これによってサルトルはボコられ、構造主義がトレンドになるわけだけど、それはまた別のお話。
サルトルのように文明に染まりきったおれたちにはきっと「野生の思考」が必要なのだろう。
家畜の思考
多くの人が未開人たちをみて見下すのは、「家畜の思考」に支配されているからだ。
歴史があるとか、発展しているからといってその民族がみんなスゴイってわけじゃない。
それなのに未開人と比べて自分たちの方が優れてると思ってしまうのは思考が家畜化されいるからだ。
家畜とは何か?
現代人がいきなりジャングルに放り出されたら、生存する確率は未開の民より低いだろう。
色んなものがすでに完成している環境で生きているとできなくていいことが増える。
料理の出汁を取れなくても出汁パックが売られているし、スパイスを調合できなくてもカレーがつくれてしまう。
便利だからこそ、その環境に流されているとただただ与えられたものを消費する家畜になるというわけだ。
文明の家畜
文明というのは物事を単純にしていく。
合気道の開祖はほとんどの人に理解できない神話を語りながら、ほとんどの人がマネできない技をやってみせた。
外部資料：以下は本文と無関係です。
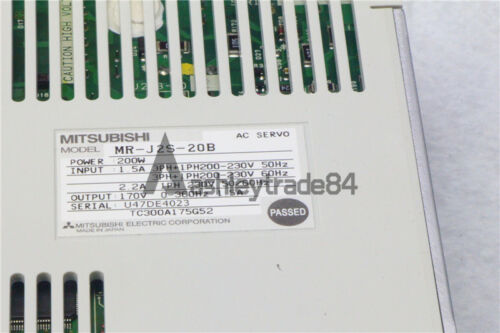 MRJ2S20B Mitsubishi MR-J2S-20B Servo Drive New In Box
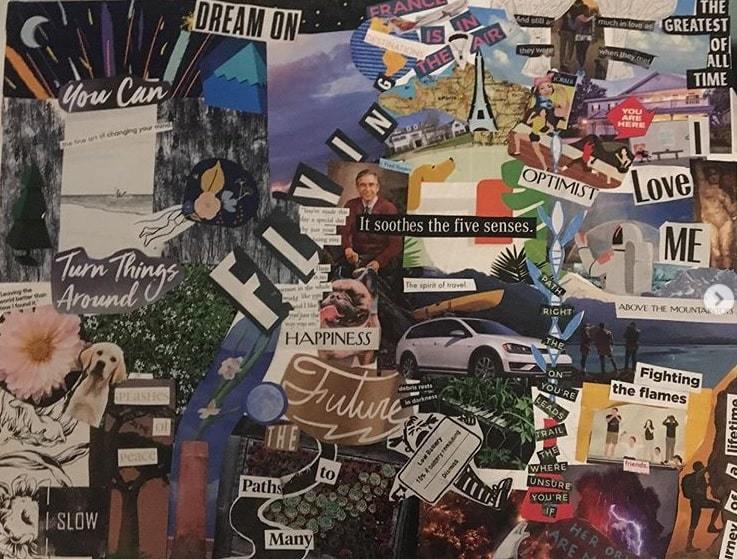 51 Vision Board Ideas for Your Important Goals in 2020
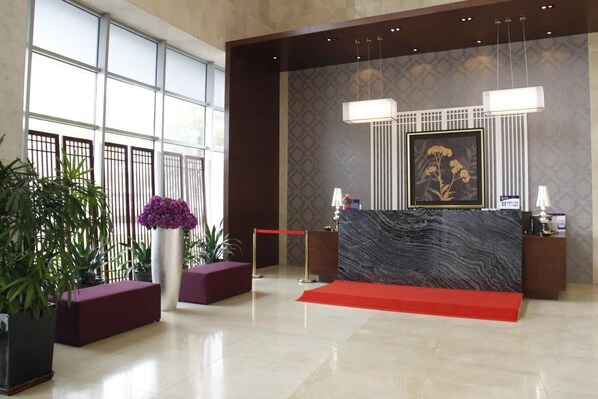 Lobby - Hong Yue Hotel (Beijing)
そんなんじゃマズイので、息子が様々な型をつくり整理して門外不出だった技を世間に公開し、合気道は現在に至る。
型とはカレーの固形ルーみたいなものだ。
スパイスを調合できなくても、ひとつの種類のカレーはある程度のレベルでつくれてしまう。
合気道と野生の思考
「家畜」がする工夫はせいぜいレトルトカレーを少しでもおいしくしようとするくらいだ。
どんなに型通りのものがうまくなっても、色んな型を生み出せるようにはならない。
スパイスの配合でカレーがつくれるなら、どんなカレーもつくれるだろうし、ありあわせのスパイスで何かつくってみせることもできる。
それが「野生の思考」だ。
すべてがひとつになる物事の中心でいること。自分の強さや弱さ、複雑さを受け入れてひとつにすること。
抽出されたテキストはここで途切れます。